Widely adopted models for estimating channel geometry attributes rely on
simplistic power-law (hydraulic geometry) equations. This study presents
a new generation of channel geometry models based on a hybrid approach
combining traditional statistical methods (Multi-Linear Regression
(MLR)) and advanced tree-based Machine Learning (ML) algorithms (Random
Forest Regression (RFR) and eXtreme Gradient Boosting Regression
(XGBR)), utilizing novel datasets. To achieve this, a new preprocessing
method was applied to refine an extensive observational dataset, namely
the HYDRoacoustic dataset supporting Surface Water Oceanographic
Topography (HYDRoSWOT). This process improved data quality and
identified observations representing bankfull and mean-flow conditions.
A compiled dataset, combining the preprocessed dataset with datasets
containing additional catchment attributes like the National Hydrography
Dataset Plus (NHDplusv2.1), was then used to train a suite of models to
predict channel width and depth under bankfull and mean-flow conditions.

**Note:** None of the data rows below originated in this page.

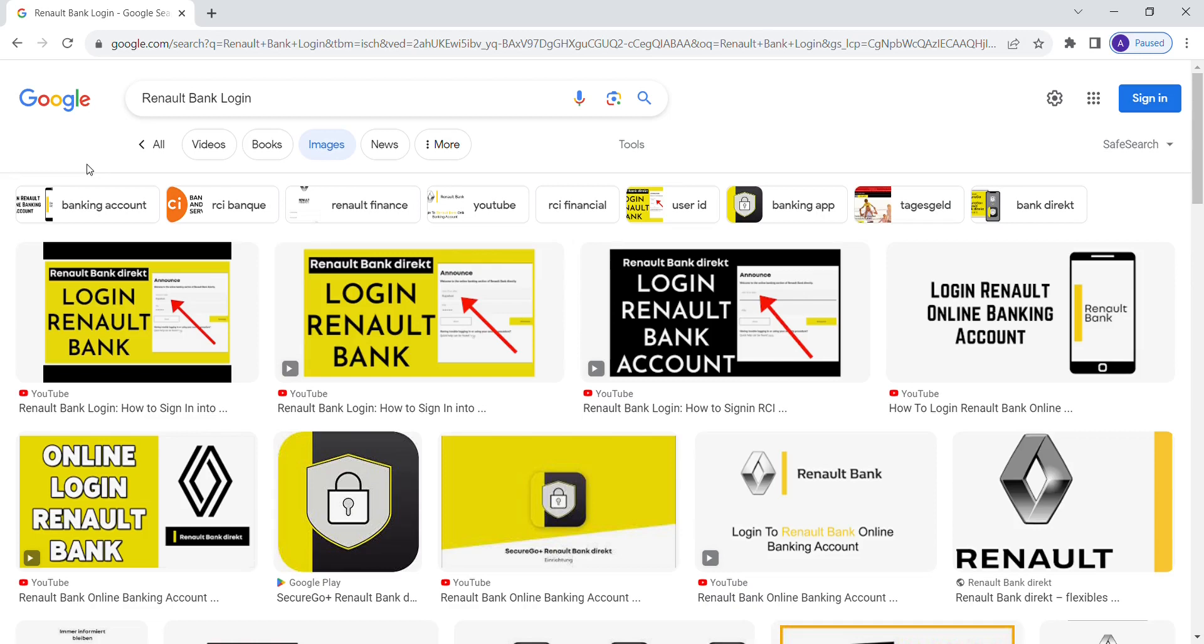Hello and welcome back to my channel. In this video I will guide you through the simple steps to access your Renault Bank online banking account.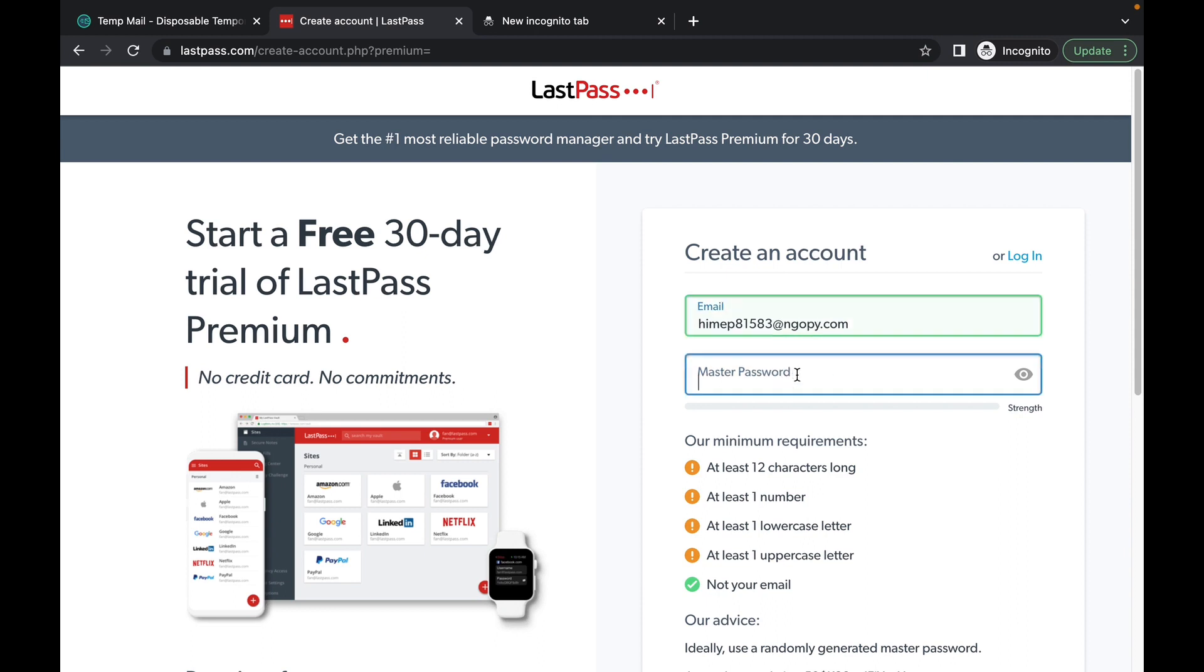So here's my password, here's my email address, here's my password.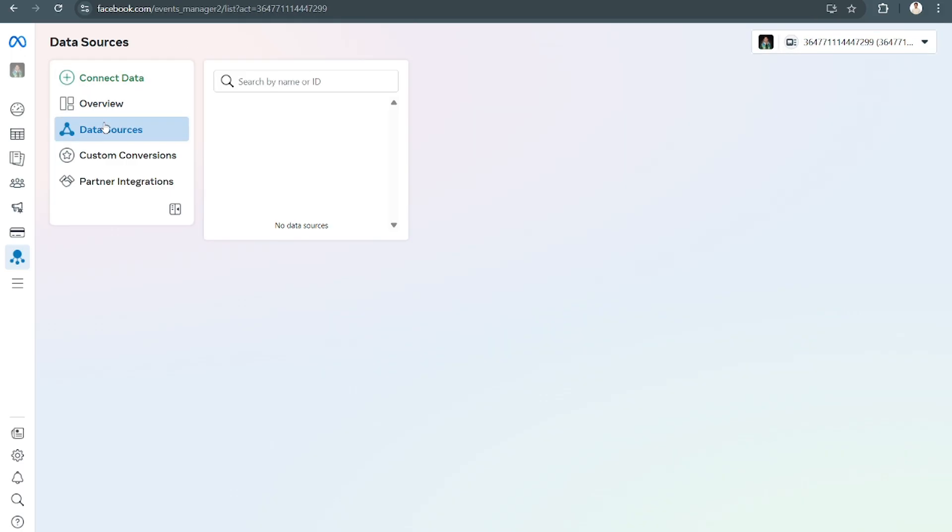Then what you're going to do, basically there's going to be a delete data option right there. Just click on it and that's it, you're done.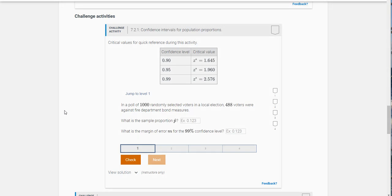Hi class. What I want to do in this video is walk you through some of the problems, not all of them, for challenge exercise 7.2.1. This is about confidence intervals for population proportions.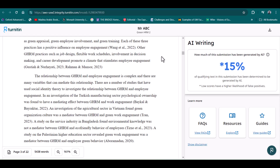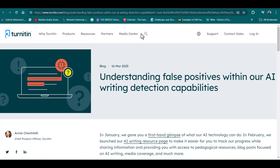In Turnitin AI detection reports, when the percentage of AI detection is less than 20%, this is usually marked with an asterisk. As you can see in this report, the AI detection is 15% and it is marked with the asterisk. Studies are showing that low scores have a higher likelihood of false positive.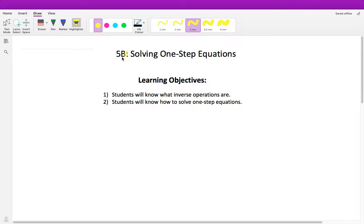The next thing we're going to go over in unit 5B is solving one-step equations. This is not anything new — we have actually been doing this throughout the entire year.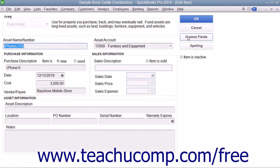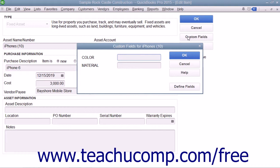Note that custom fields are also available for the items within the fixed asset item list. To access them, you can click the Custom Field button at the right side of either the New Item or Edit Item window. You can create up to five custom fields in the same way that you create custom fields within the item list. However, you must be in single user mode in order to do this.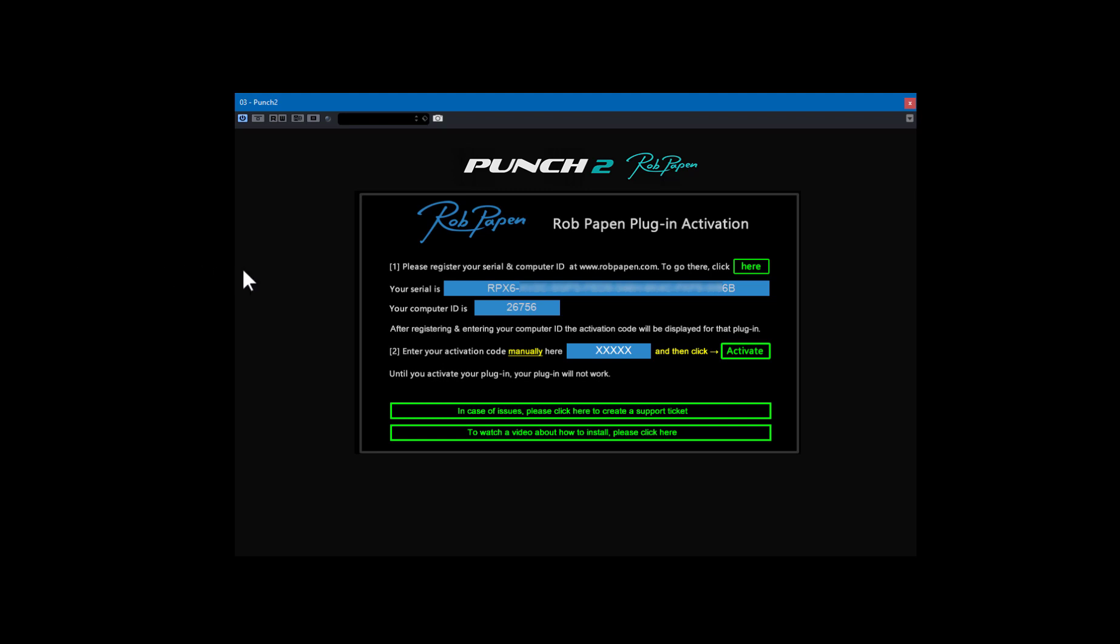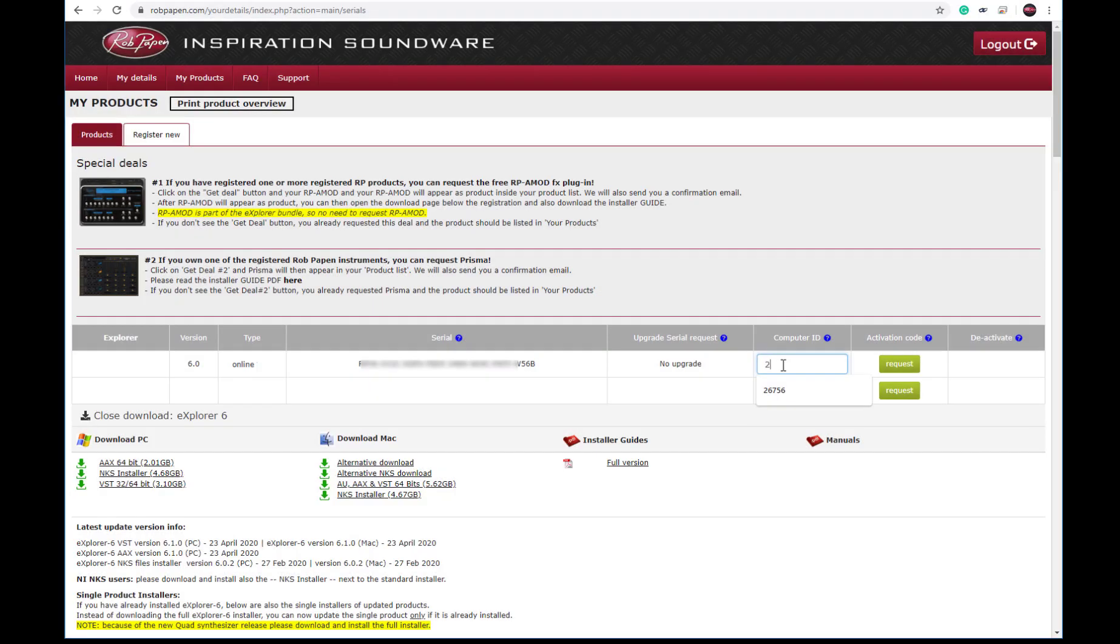The activation screen will appear. Your computer ID will be displayed and enter this code in My Products and request the activation code for your first system.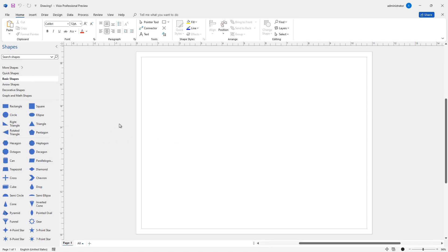And I'll do some upcoming videos on Word, Excel, and all the other different products in the Office 2024 suite. And that is how we install the beta version of Office 2024 on a Windows 11 computer.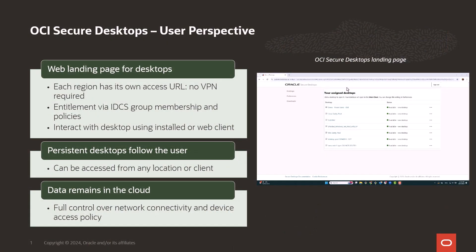Now let me give you a quick overview of the user experience. End users find desktops through a web application. Each region has its own access URL. The service is on the edge — no VPN is required, although it can be used. Users are entitled to a desktop in a pool through IDCS group membership and the policies referencing that group. Users securely interact with virtual desktops using either an installed client or a web client on a browser. The desktops are persistent and follow the user. They can be accessed from any location even when switching between clients, and their state is maintained.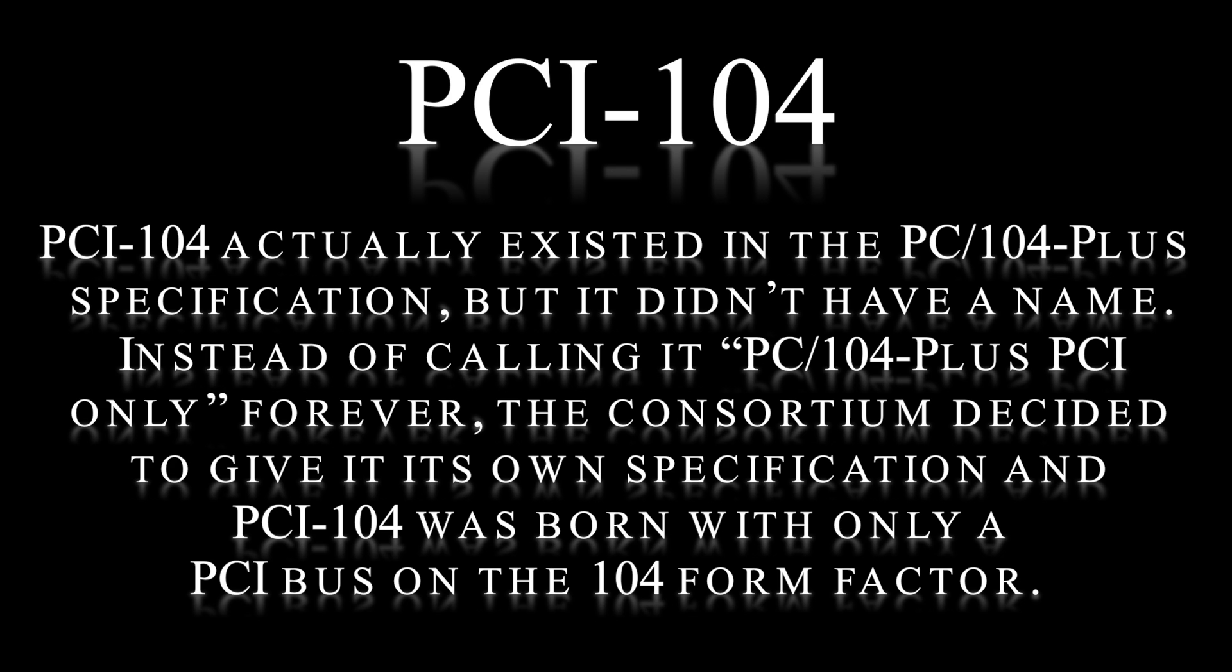Instead of calling it PC-104 Plus PCI only forever, the consortium decided to give it its own specification. And PCI-104 was born with only a PCI bus on the 104 form factor.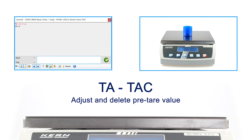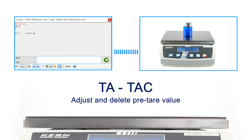After that, place the container on the balance. If you query the stable weight value now, you only get a measurement result without the container. The entered tare value can be removed with the TSE command.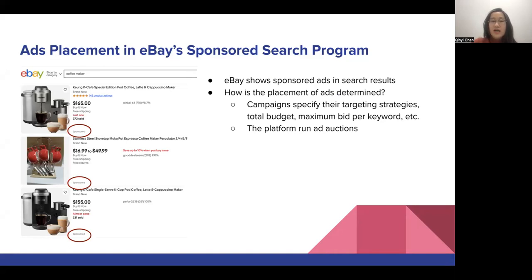You might be wondering how the placement of ads is determined when people search for things. Usually, the sellers would let the platform know about their targeting strategies, a total budget they are willing to spend within a certain timeframe, as well as a maximum bid per keyword that they are willing to place. Using this information, the platform would run a number of ad auctions to determine the ad placement.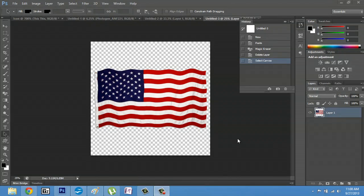Hey, my name is Zach and I wanted to show you how to make a flag icon. I'm actually going to use a flag as an icon and we're going to put it onto a t-shirt. There are some pretty good steps that I'm going to show you here in Photoshop.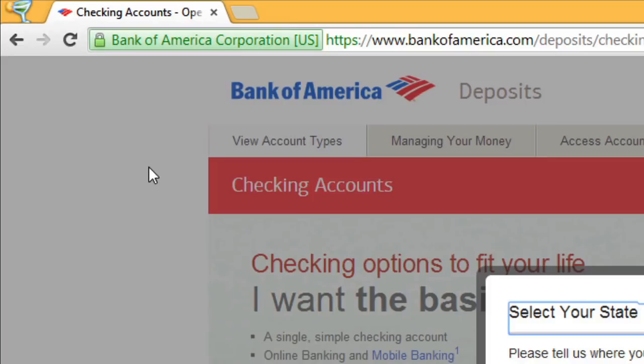This is most commonly seen on certain types of sites, like banking sites. You won't see this on all websites, and that's okay. Not all sites need the extra security.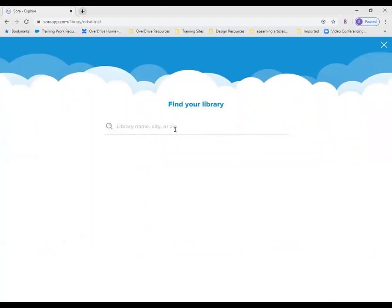Use the search bar to look for your library by name, city, zip, or postal code. One quick note: your public library might be part of a larger group called a consortium. So if you're having trouble finding your branch by name, take a look for the name of the larger library system in your area, or try searching by zip code like I'm doing today.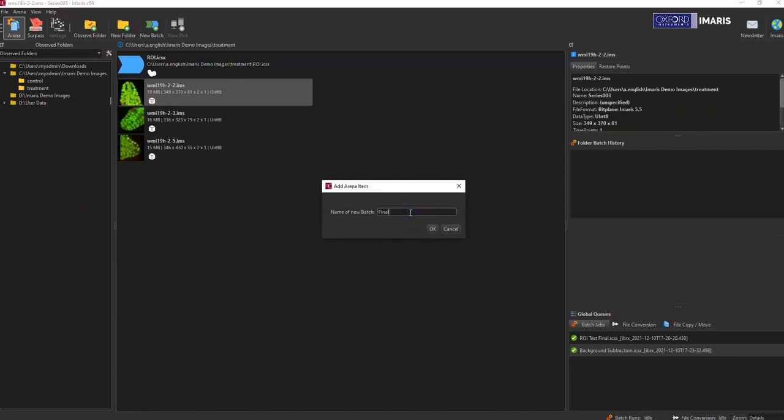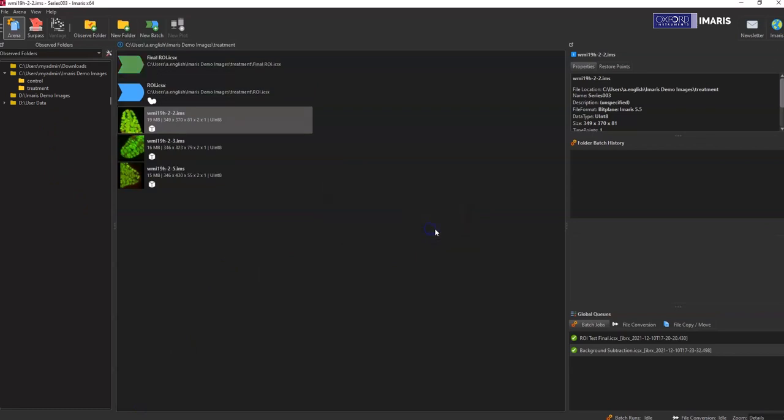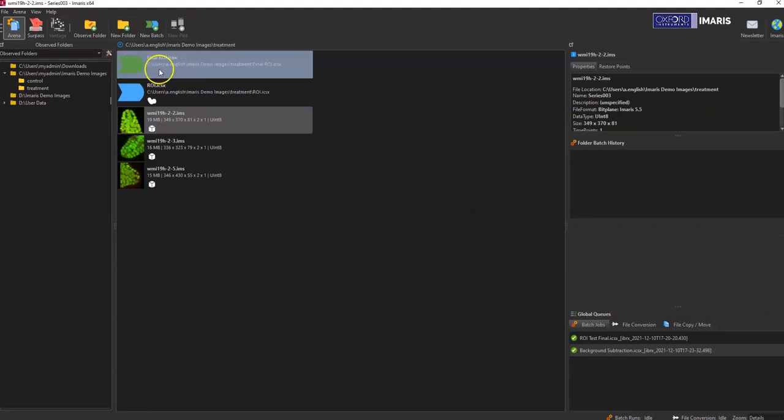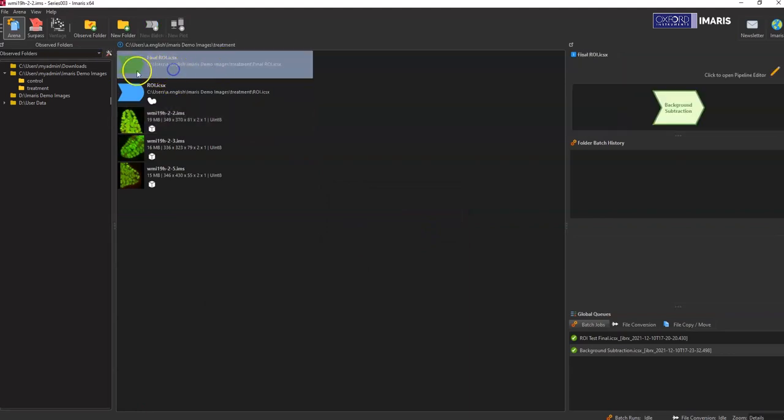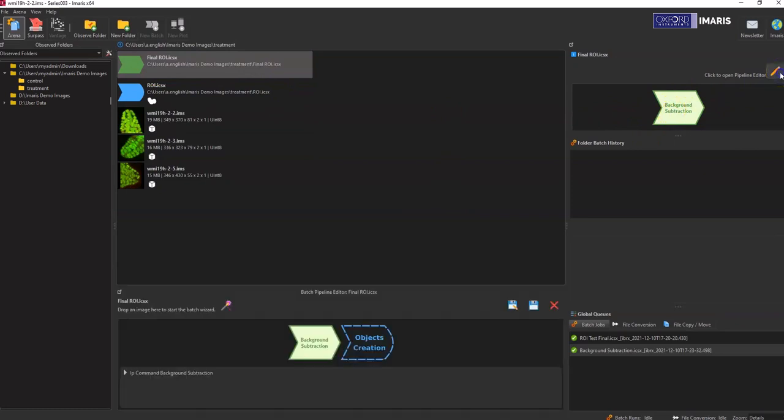And then we'll name this final ROI. Right now this final ROI batch, you can see it only has a background subtraction filter in it. So we need to add in the ROI part that we're interested in.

The analysis shows that tree-based ML algorithms outperform traditional
statistical methods in accuracy and handling the data but face
limitations in prediction capabilities for streams with characteristics
outside the training range. Consequently, a hybrid method was selected,
combining XGBR for streams within the dataset range and MLR for those
outside it. Two tiers of models were developed for each attribute using
discharges derived from distinct sources (HYDRoSWOT and NHDPlusV2.1,
respectively), where the second tier of models offers applicability
across approximately 2.6 million streams within NHDplusv2.1.
Comprehensive independent evaluations are conducted to assess the
capability of the developed models in providing stream/reach-averaged
(rather than at-a-station) predictions for locations outside the
training and testing datasets.